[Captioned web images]
◆ ◆ ◆ ◆ ◆ ◆ ◆

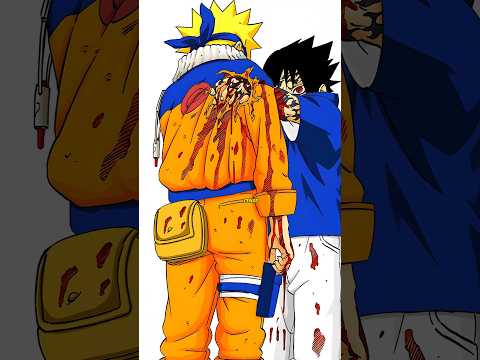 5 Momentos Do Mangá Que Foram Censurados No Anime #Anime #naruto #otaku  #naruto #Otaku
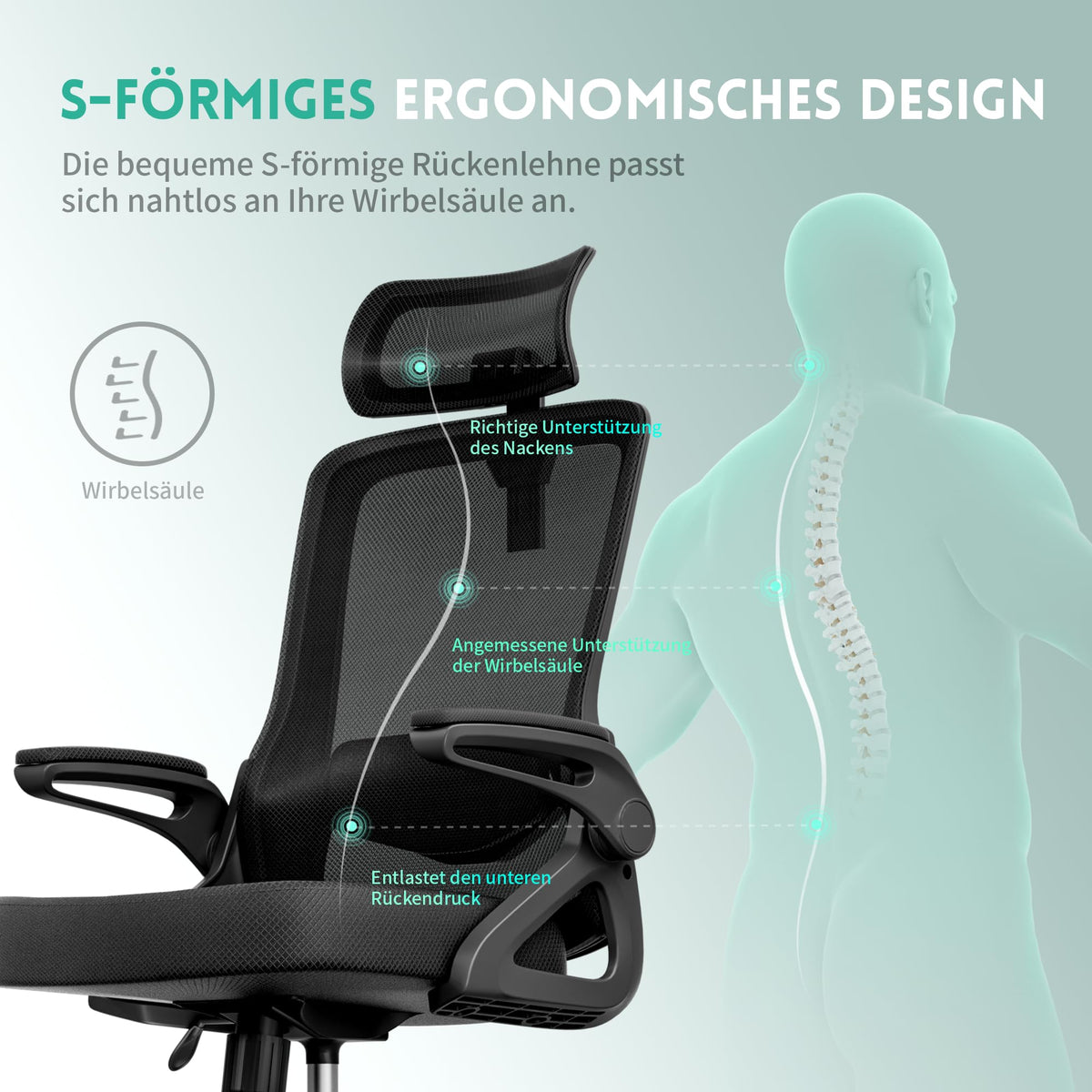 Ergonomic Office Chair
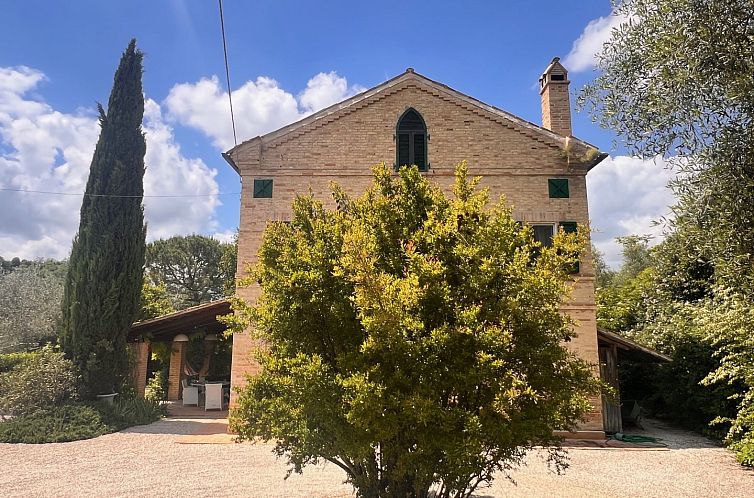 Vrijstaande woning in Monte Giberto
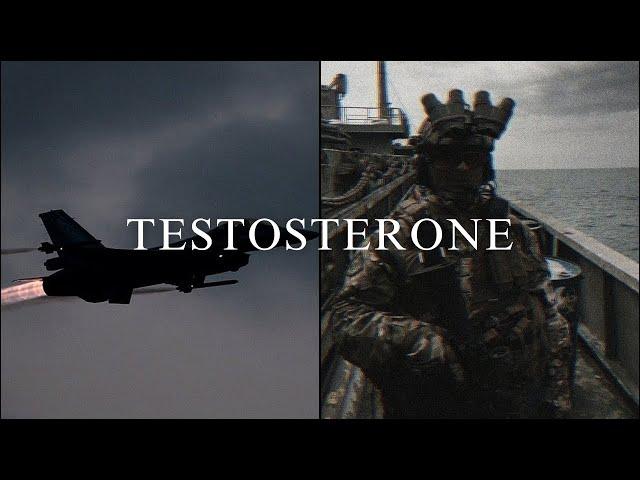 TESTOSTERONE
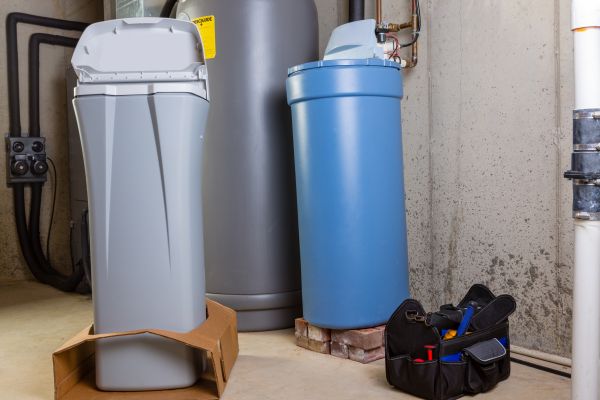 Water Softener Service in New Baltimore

◆ ◆ ◆ ◆ ◆ ◆ ◆

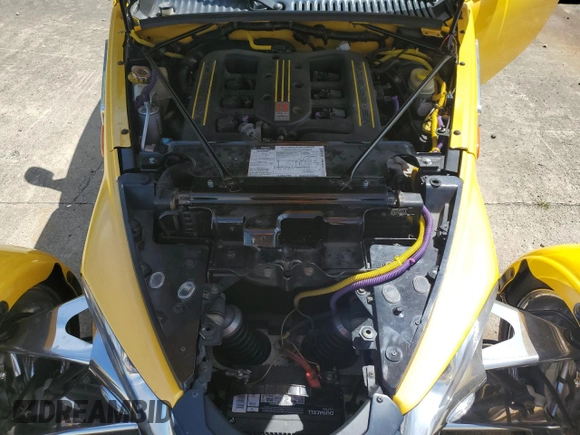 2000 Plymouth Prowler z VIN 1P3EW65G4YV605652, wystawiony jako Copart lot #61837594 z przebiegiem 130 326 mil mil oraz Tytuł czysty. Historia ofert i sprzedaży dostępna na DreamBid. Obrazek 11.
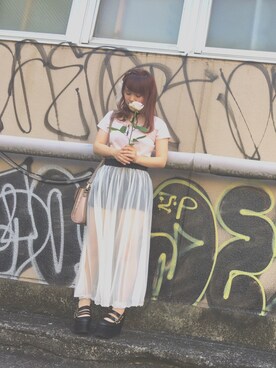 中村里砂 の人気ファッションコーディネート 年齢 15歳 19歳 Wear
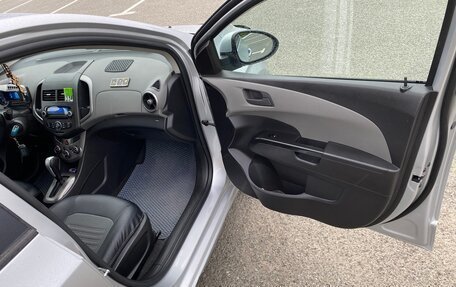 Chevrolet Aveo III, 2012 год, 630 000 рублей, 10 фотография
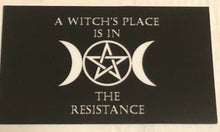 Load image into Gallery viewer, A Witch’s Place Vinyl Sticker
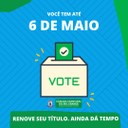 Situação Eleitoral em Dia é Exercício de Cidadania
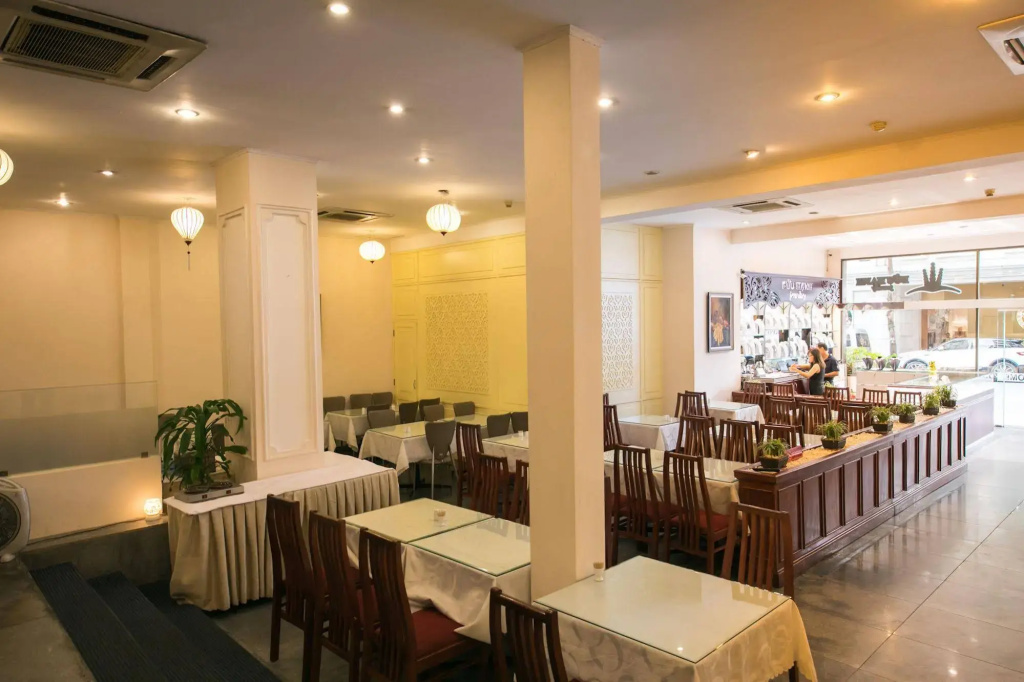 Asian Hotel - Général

◆ ◆ ◆ ◆ ◆ ◆ ◆

§ Task statement
Pictures aside, return exactly the lines from the data above, starting at the line that has "Vrijstaande woning in Monte Giberto" and ending at the line that has "Water Softener Service in New Baltimore", both included.

§ Answer for this exercise
 Vrijstaande woning in Monte Giberto
 TESTOSTERONE
 Water Softener Service in New Baltimore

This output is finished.